第72話 ハロウィンと山越くん
朝学校に行くと、山越くんが黒い猫耳をつけている。
私は目をこする。でも、山越くんに猫耳はついていた。
「おはよう筒井さん。にゃ」
「山越くん……それ……」
「ああ、今日はハロウィンだからね」
だからって。猫耳つけて学校に来るなんて。しかもなんか小さな袋持ってるし。
「トリックオアトリート。お菓子をくれなきゃいたずらするぞ」
「お菓子!?えーと……」
私はカバンの中からチョコクッキーを取り出し、山越くんに手渡した。
「はい、これ。あげるよ」
「ありがとう。そうだ、筒井さん。これいる?」
山越くんが私に渡したのは、魔女のぼうし。
「筒井さん、これ似合うと思うんだ」
「ええ……?」
「僕の手作り。有生に被せようと思ったんだけど、思った以上に大きくて……有生の顔が見えなくなったんだよね」
「山越くんが作ったの?」
「うん。この耳もね」
普通にすごいよ山越くん。ハロウィンへの気合の入り方が半端じゃない。
「筒井さん、これ見て」
山越くんは自分の頭から猫耳を外し、私に見せてくれた。
「中に針金入れるの大変だったな」
「だからこんなに綺麗な形なんだ……」
「手縫いで、一週間かけて作ったんだ」
「すごいね」
「もっと褒めてくれてもいいんだよ」
山越くんは猫耳を再び自分の頭につけた。なぜだろう。尻尾なんてないはずなのに尻尾が見えるよ。
「そうだ、筒井さん。ぼうし被ってみてよ」
「分かったよ」
山越くんが作ったぼうしを被る。すると、びっくりするほどぴったりだった。
「被り心地、どう?」
「いいよ!本当に山越くん、すごい!」
「ありがとう」
そういえば、山越くんにお菓子あげたけど山越くんからお菓子もらってないな。
「山越くん!」
「どうしたの、筒井さん」
「トリックオアトリート。お菓子をくれなきゃ、いたずらするぞ」
「……あっ」
山越くんはそのまま硬直してしまった。

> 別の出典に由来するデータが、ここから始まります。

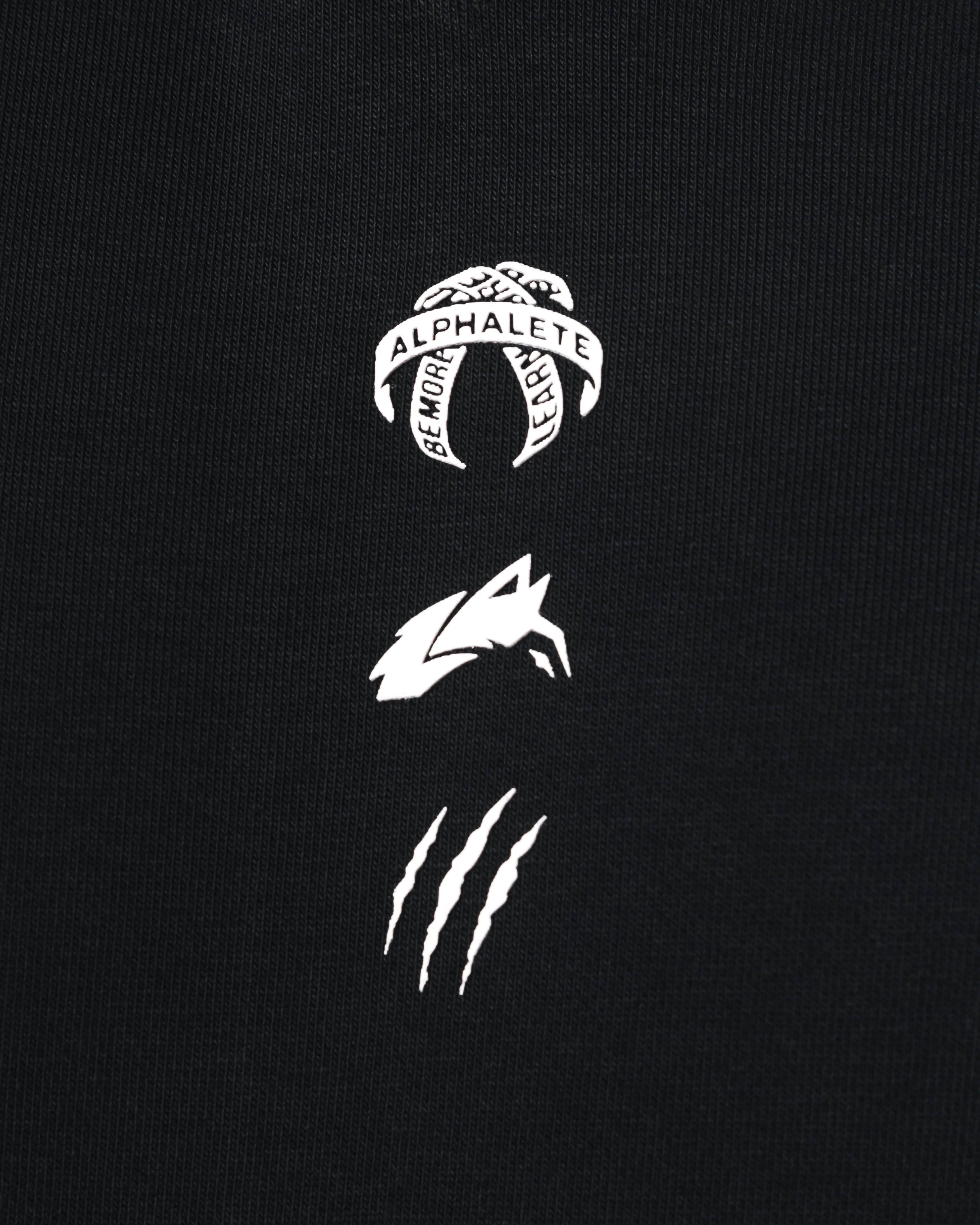Three Pillar Capped Hoodie - Black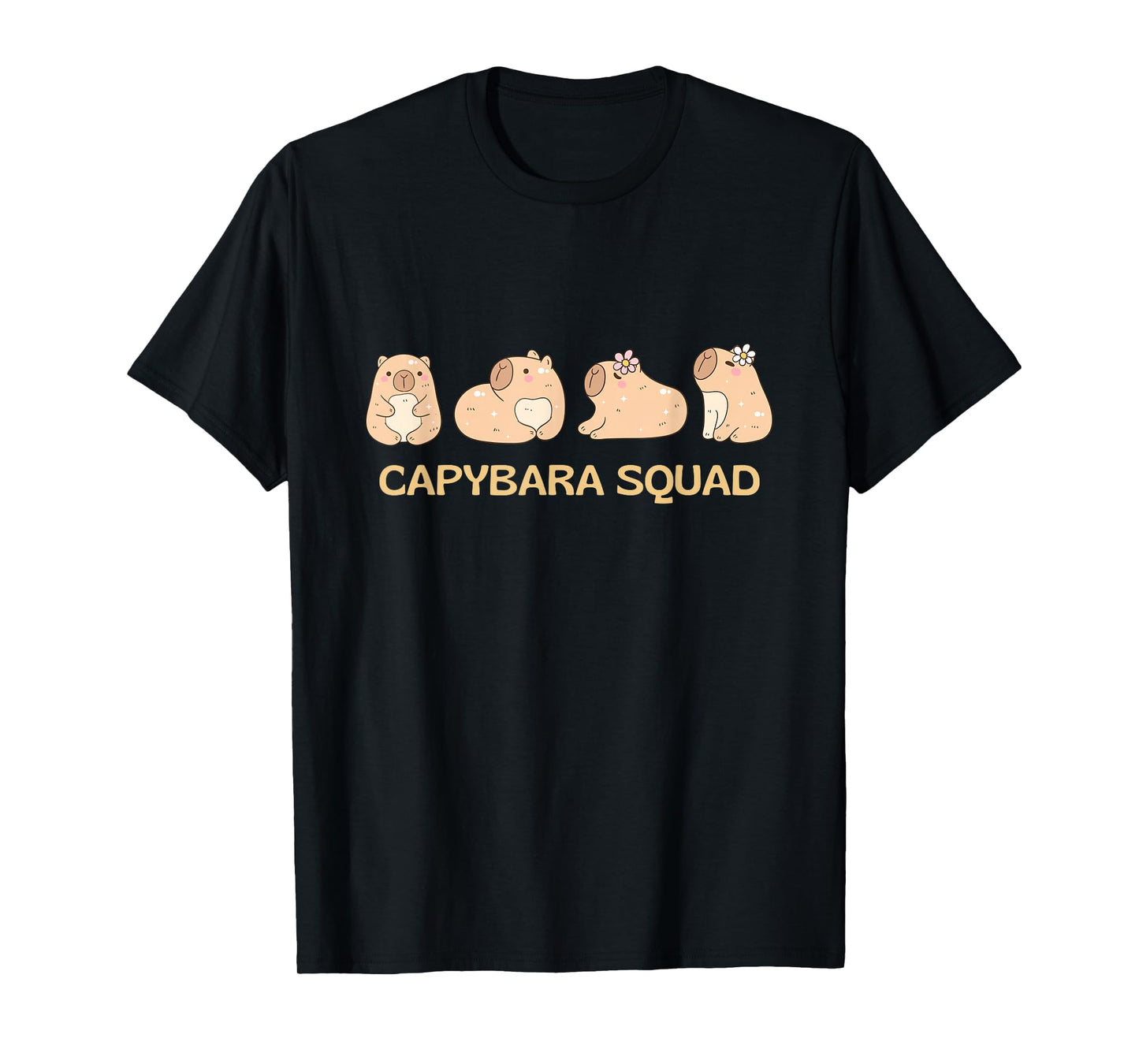 Capybara Squad Birthday Party Men Boys Kids Youth Women T-Shirt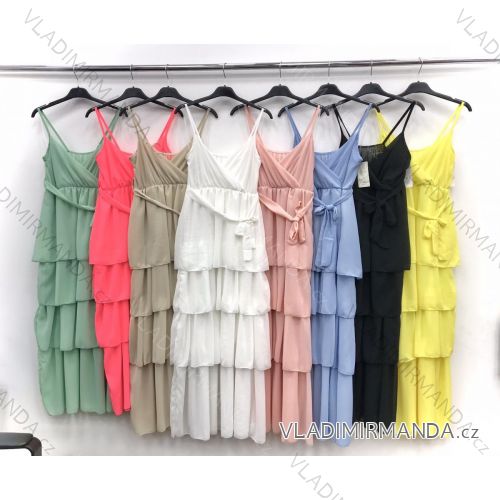 Kleid mit 3/4 Ärmeltasche für Damen (uni sl) ITALIAN Fashion IM3181746
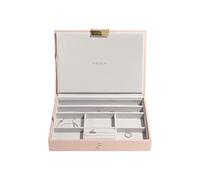Stackers Blush Pink & Champagne Gold Classic Medium Jewellery Box Lid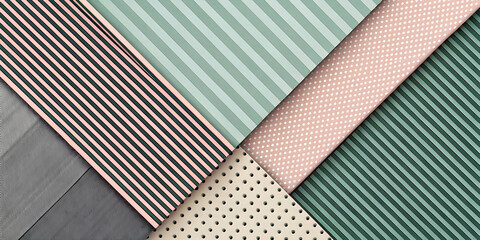 Poster - abstract geometric pattern: a captivating abstract design featuring a blend of geometric shapes and 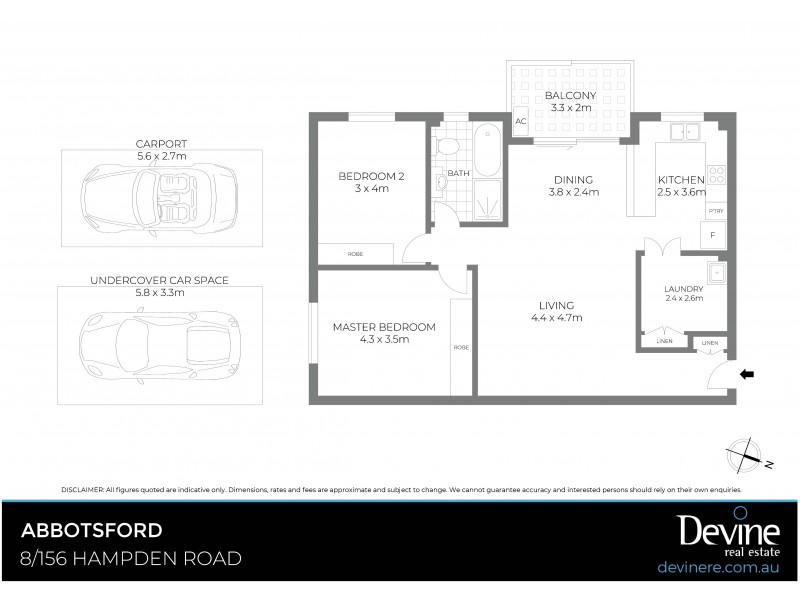 8/156 Hampden Road, Abbotsford NSW 2046 Floorplan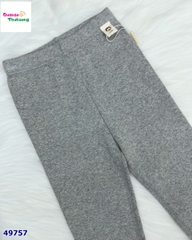 Legging xám thêu chữ nơ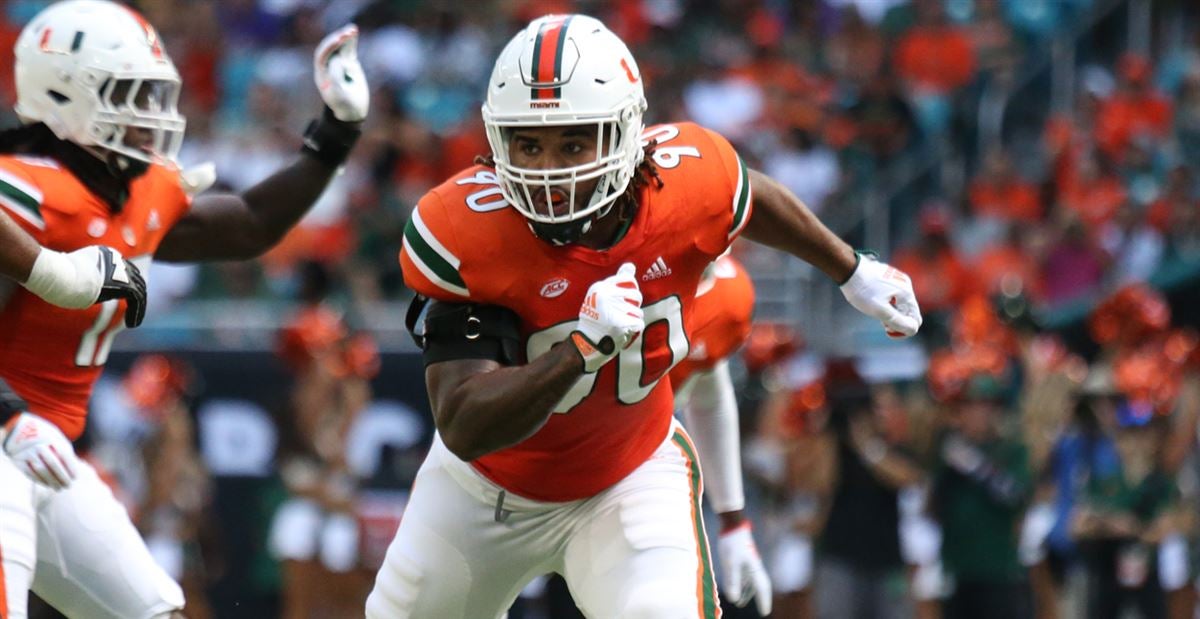 Miami DE Gregory Rousseau NFL Draft Film Study - Stadium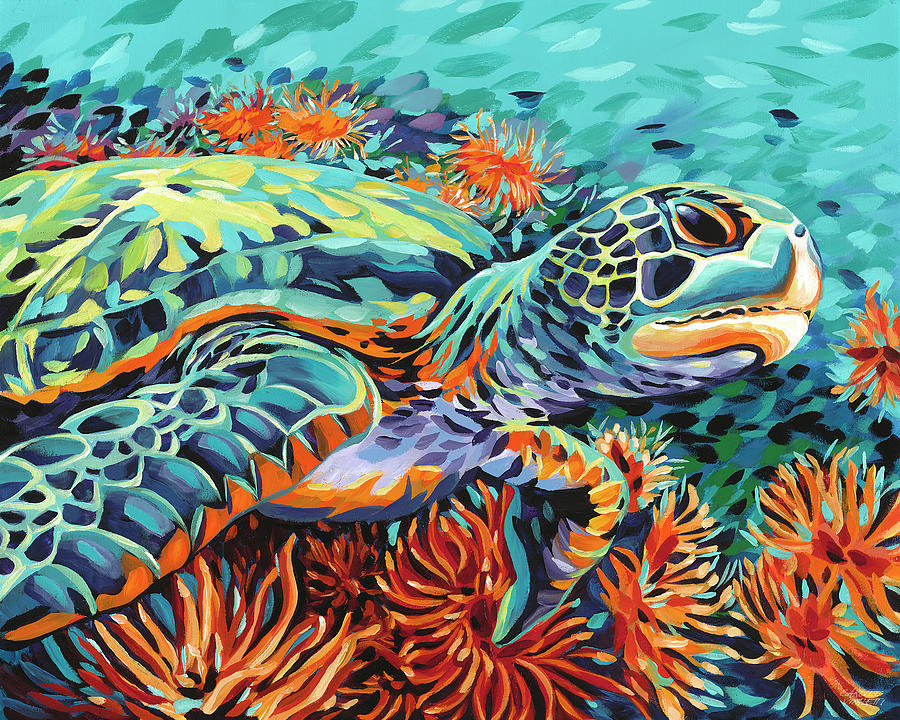 Animal Painting - Sea Sweetheart I #2 by Carolee Vitaletti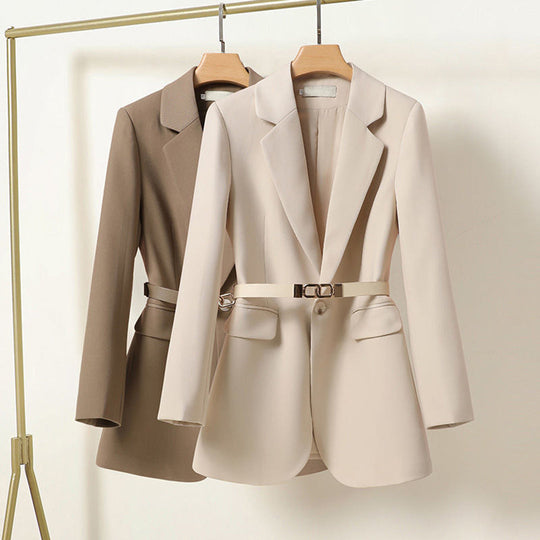 EB | Langer Maßgeschneiderter Blazer mit Gürtel für Frauen Herbstausgabe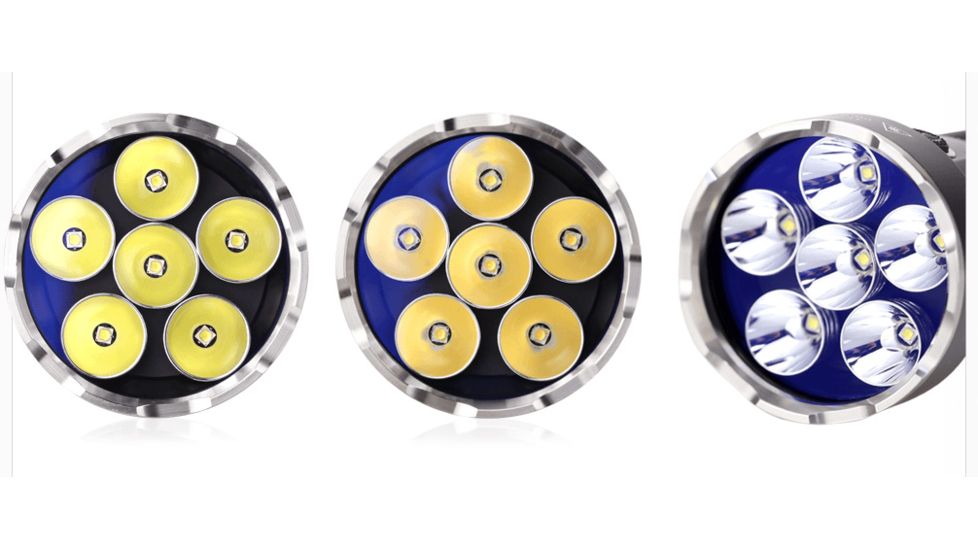 Eagtac MX25L3C  Flashlight Kit, 6 Nichia 219B CRI-92 LED, 2550lm, Black 1868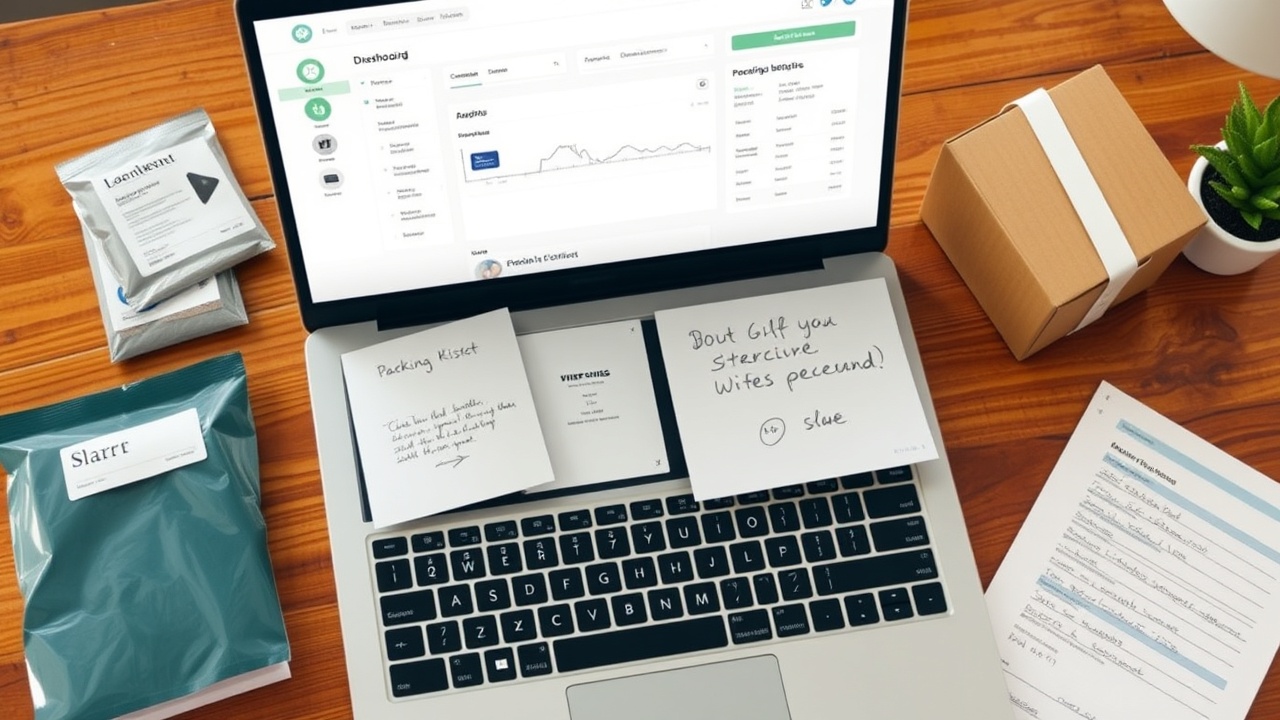 LinkFlux order management dashboard interface showing order statuses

どうしたんだろう。
「やばい」
「山越くん?」
「お菓子忘れた……」
「えっ!?」
嘘でしょ山越くん。衣装作りに気を取られて忘れてたの?
「煮るなり焼くなり好きにどうぞ……!!」
「そこまでしないよ!」
「でも……僕……」
「じゃあ山越くん、これあげるよ」
私は虹色の袋に入った飴を山越くんにあげた。
「これは……?」
「味がわからない飴。ちなみに私も食べてない」
「そっか……」
そう言いながら山越くんは飴を口に入れた。
「……これは!!」
「山越くん?」
山越くんは少し言葉を溜めてから、言った。